FRAGMENTATION OF LIPOSOMES BY HYDROPHOBICALLY-MODIFIED POLYPEPTOIDS: ELUCIDATING THE ROLE OF MOLECULAR CHARACTERISTICS

Amphiphiles (e.g. membrane scaffold protein, styrene-co-maleic acid, etc.) stabilized lipid nanodiscs have been developed as water-soluble membrane mimetic platforms to stabilize membrane proteins for further structural characterizations. In contrast to detergent micelles, the structures of membrane proteins in nanodiscs are better retained with enhanced long-term stabilities.
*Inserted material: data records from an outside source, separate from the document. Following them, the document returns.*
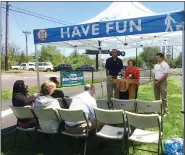  ?? EVAN BRANDT — MEDIANEWS GROUP ?? Montgomery County Commission­ers, from left, Kenneth Lawrence, Valerie Arkoosh and Joe Gale officiated at the April 24, 2019, ribbon cutting for the newly opened section of the Schuylkill River Trail.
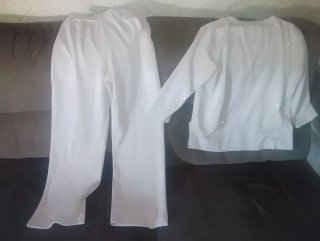 Conjunto pantalón jersey mujer beige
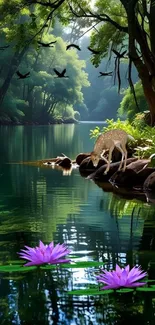 A serene forest scene with a lake and deer, ideal for mobile wallpaper.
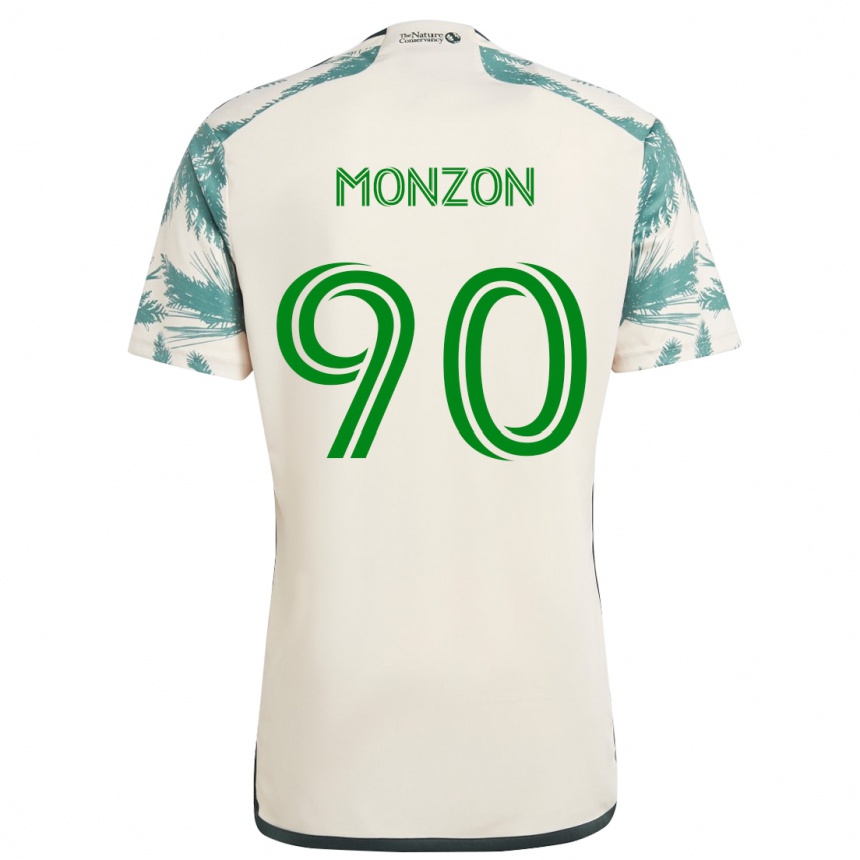 Gyermek Labdarúgás Florián Monzón #90 Bézs Barna Idegenbeli Jersey 2024/25 Mez Póló Ing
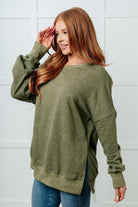 One Eleven North No Plain Jane Oversized Sweatshirt in Green Shirts & Tops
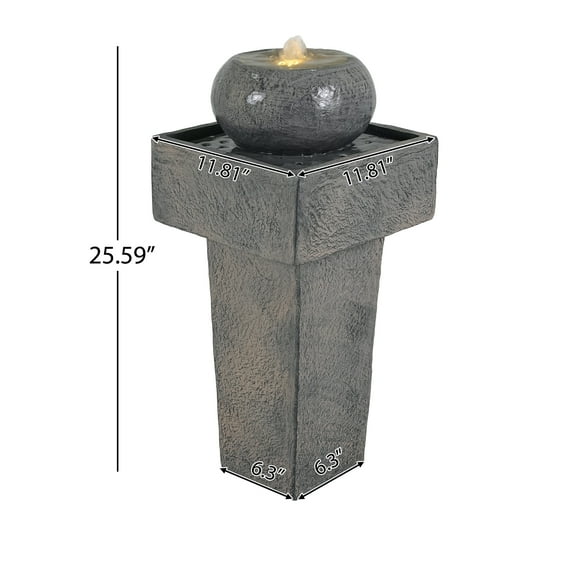 Outdoor Water Fountains 25.59"H Minimalist Concrete Column Fountain–LED-Lit Modern Outdoor Oasis, Durable Landscape Feature for Patio, Porch,Tiered Outdoor Water Fountain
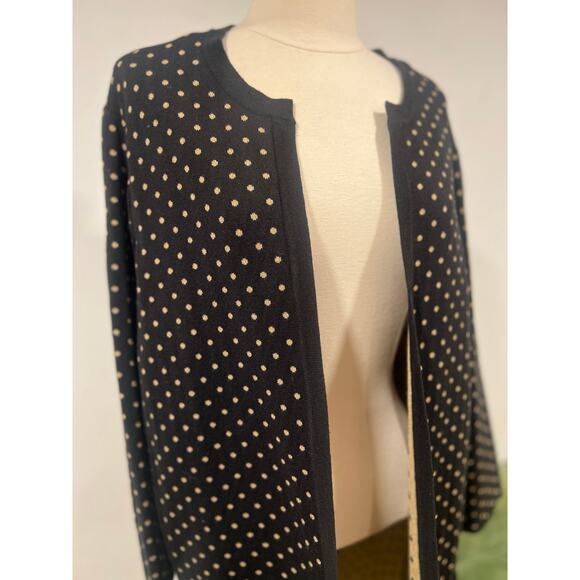 Anne Klein Black Cardigan with White Dots - Picture 4 of 9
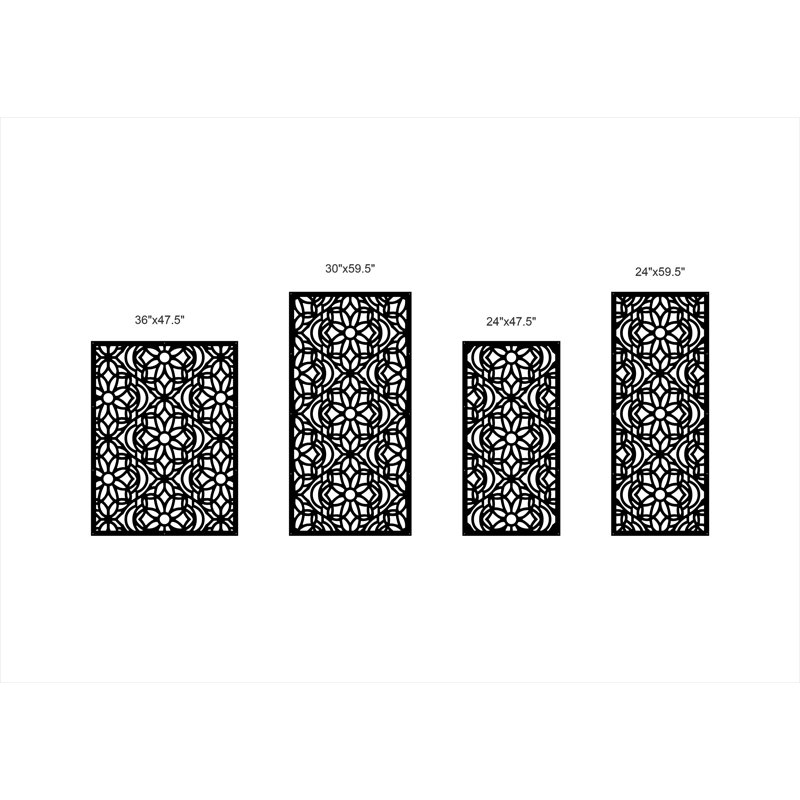 Panneau d'intimité en aluminium découpé au laser Daisy Ornament, L 36 po x H 48 po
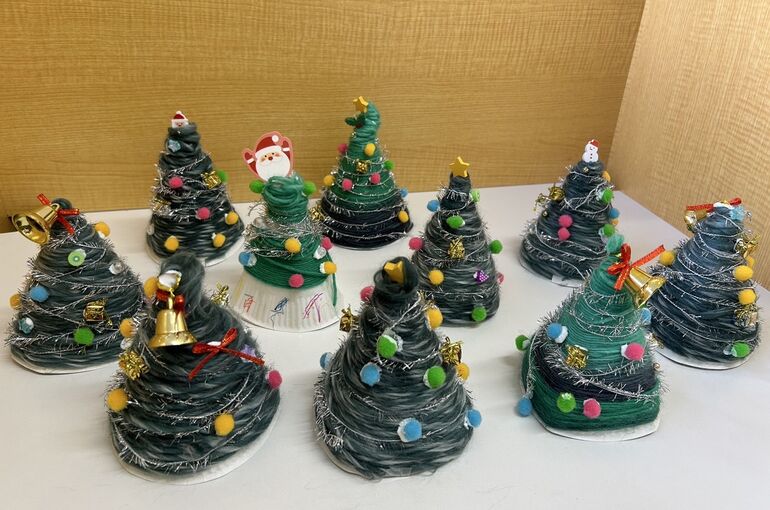 クリスマスの工作をした画像です。株式会社オアシス九州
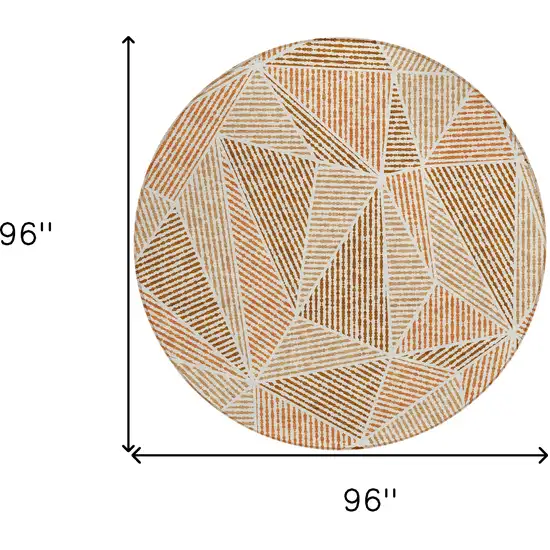 8' Terra Cotta Beige And Salmon Round Geometric Washable Indoor Outdoor Area Rug Photo 3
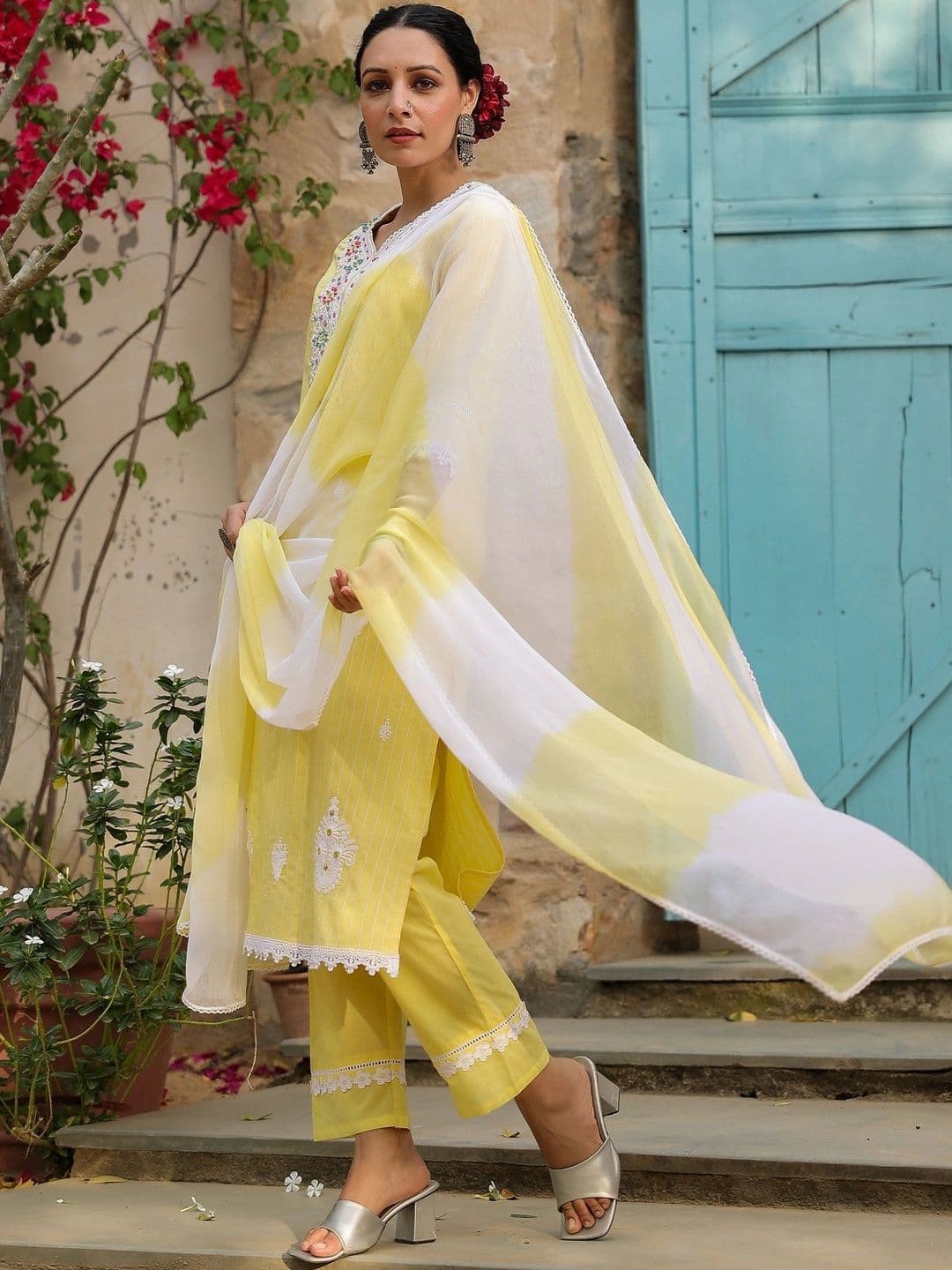 Bairaas Women Embroidered Pure Cotton Kurta with Trousers And Dupatta thumbnail 4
In this work, hydrophobically modified polypeptoids (HMPs) have been designed and investigated as facially amphiphiles to fragment liposome to form stable HMP-lipid complexes or nanodiscs. The effects of polymer concentration, chain length, and relative hydrophobicity on liposome fragmentation have been elucidated by a combination of DLS, SLS and EM analysis. It was found that HMPs with relatively higher polymer hydrophobicity (De mol % = 27 %) and longer chain length (DP_n =100) can induce more effective liposome fragmentation relative to short polymers (DP_n = 34-60) and hydrophilic polymers with similar chain length (DP_n = 96 with De mol % = 16 %). It is hypothesized that a high local hydrophobic contact between polymers and lipid membranes is critical to accelerate and enhance the extent of liposome fragmentation.